Virtually all the entries in the online manual are longer than the number of lines on your screen. If an entry were displayed all at once, most of it would scroll off the screen so fast that you would not be able to read the text. This is a common situation for which Unix has a good solution: send the output to a program that displays the output more carefully, one screenful at a time. There are three such programs, called paging programs, that are commonly used on Unix systems. Their names are less, more and pg. The best — and most widely used — paging program is less, which we will talk about in detail in Chapter 21. For now, I will give you a brief overview, so you will know enough to be able to read the online manual. If you want to practice as you are reading, enter one of the following commands, each of which displays information about a particular shell: Bash, the Korn shell, or the C-Shell:
man bash
My suggestion is to display the man page for the shell that you plan on using or that most people use on your system. If you are not sure, just pick one it's only for practice. The job of a paging program is to display data one screenful at a time. After each screenful, the program pauses and displays a prompt at the bottom left-hand corner of the screen. The prompt differs depending on what paging program is being used. The less and pg programs display a colon: : On some systems, less displays a message instead of the colon. For example: byte 1357 In this case, less is telling you that it has just displayed character number 1357. (Each byte holds one character.) As you page through the file, this number will increase, giving you a rough idea of how far you are from the beginning. The more program displays a prompt that contains the word "More". For example, you might see: --More--(10%) This means that there is more to come and that you are 10 percent of the way through the page. Once you see the prompt, you can display the next screenful of information by pressing the <Space> bar. (With pg, you press <Return>.) When you are finished reading, press q (the letter "q") to quit. As you are reading a man page, there are many commands you can use. Normally, however, you won't need them. Most of the time, you will simply press <Space>, reading one screenful after another. When you reach the end of the page, or when you find what you want, you will press q to quit. From time to time, you may want to use some of the other commands, so I'm going to take a moment to describe the ones that I find most useful. These commands are summarized in Figure 9-1. As I mentioned, there are many others, more than you will ever need. Note: The commands in Figure 9-1 are for systems that use less. If your system uses more or pg, there will be some differences. If you have a problem, use the h command for help.

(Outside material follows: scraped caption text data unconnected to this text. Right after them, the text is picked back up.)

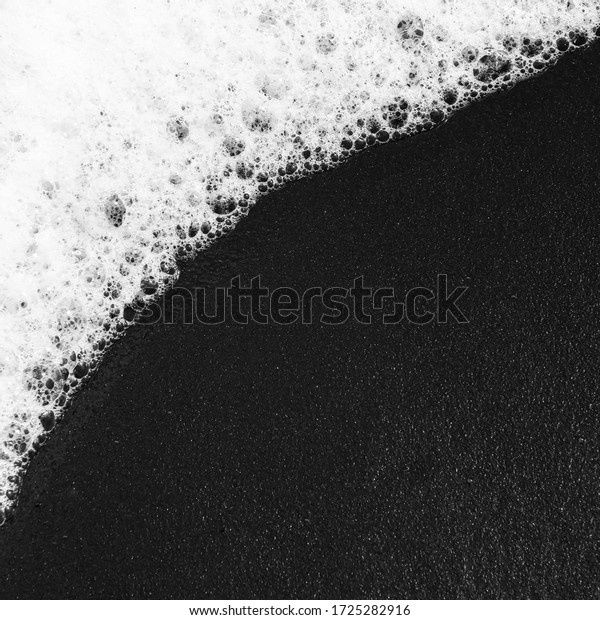 A wave\
of white foam rolls diagonally across the black sandy beach in\
Bali. Close up aerial view of the sea and top\
view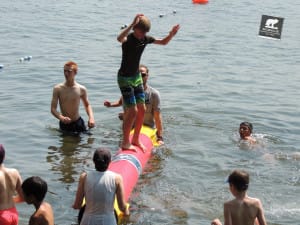 Campers play on the "Key-Log" during Open Waterfront, a time when campers can enjoy the beautiful weather, take out boats, or play in the swimming areas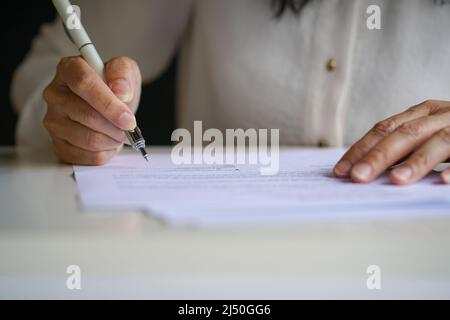 Hand der Geschäftsfrau unterzeichnen auf Papier Dokument. Nahaufnahme, Platz kopieren. Stockfoto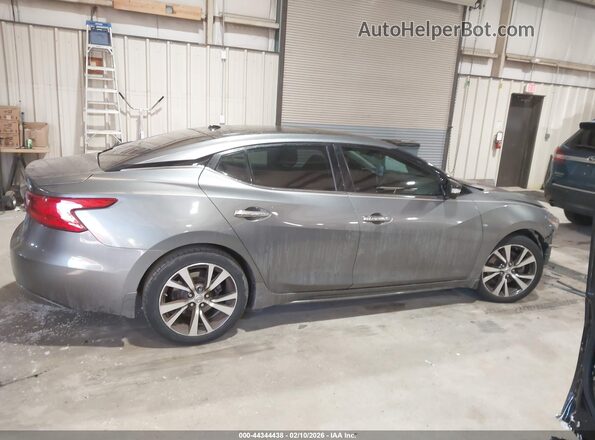 1N4AA6AP5GC381522 2016 NISSAN MAXIMA Серебряный Вид задней части салона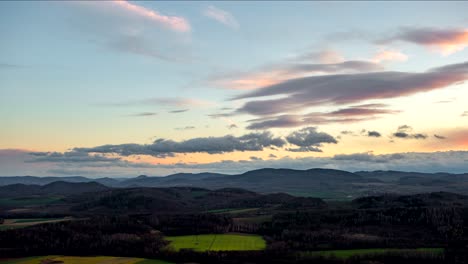 time lapse of a lenticular cloud formation, during sunset, over a mountain landscape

With any program, the most important command is the one that displays the help information. In this case, all you need to do is press h (the letter "h"). When you do, the man page information will be replaced by a summary of all the paging commands. When you are finished reading the help information, press q to quit and return to the man page. Note: The summary is quite long and, just as with the man page itself, you will have to press <Space> to work your way through the information. However, the most important commands will be near the top of the summary. The commands I am about to discuss are for the less paging program, because it is used with most Unix systems. If your man command uses either more or pg, all you have to do is press h, to get the help summary for that particular paging program. My suggestion is that, as you read, follow along at your computer, trying the various commands. To start, if you are looking for a specific pattern, press the / (slash) character, type the pattern, and then press <Return>. For example: /output<Return> This example tells the paging program to skip forward to the next line that contains the word "output". Once you have specified a pattern, you can search for it again by entering the / character by itself: /<Return> If you search for a pattern, but it's not the line you want, you can keep searching for the same pattern, over and over, until you find what you do want. Just keep pressing /<Return>(*). * Footnote This feature is taken from the vi editor, which we will meet in Chapter 22. Alternatively, you can press n (next) to search for the same pattern, either once or more than once. To search backward, use ? instead of /. For example: ?output<Return> To search backward for the same pattern, use ? by itself: ?<Return> Alternatively, you can press N to search backward for the same pattern. To move down one screenful, as you already know, you press <Space>. You can also press f (for forward). To move up one screenful, press b (for backward). Alternatively, you can move down and up by pressing <PageDown> and <PageUp>. To move down one line at a time, press the <Return> key or the <Down> key (that is, the down-arrow key). To move up one line at a time, press the <Up> key (that is, the up-arrow key). To jump to the top of the page, press g ("go to top"). To jump to the bottom of the page, press G ("go to bottom").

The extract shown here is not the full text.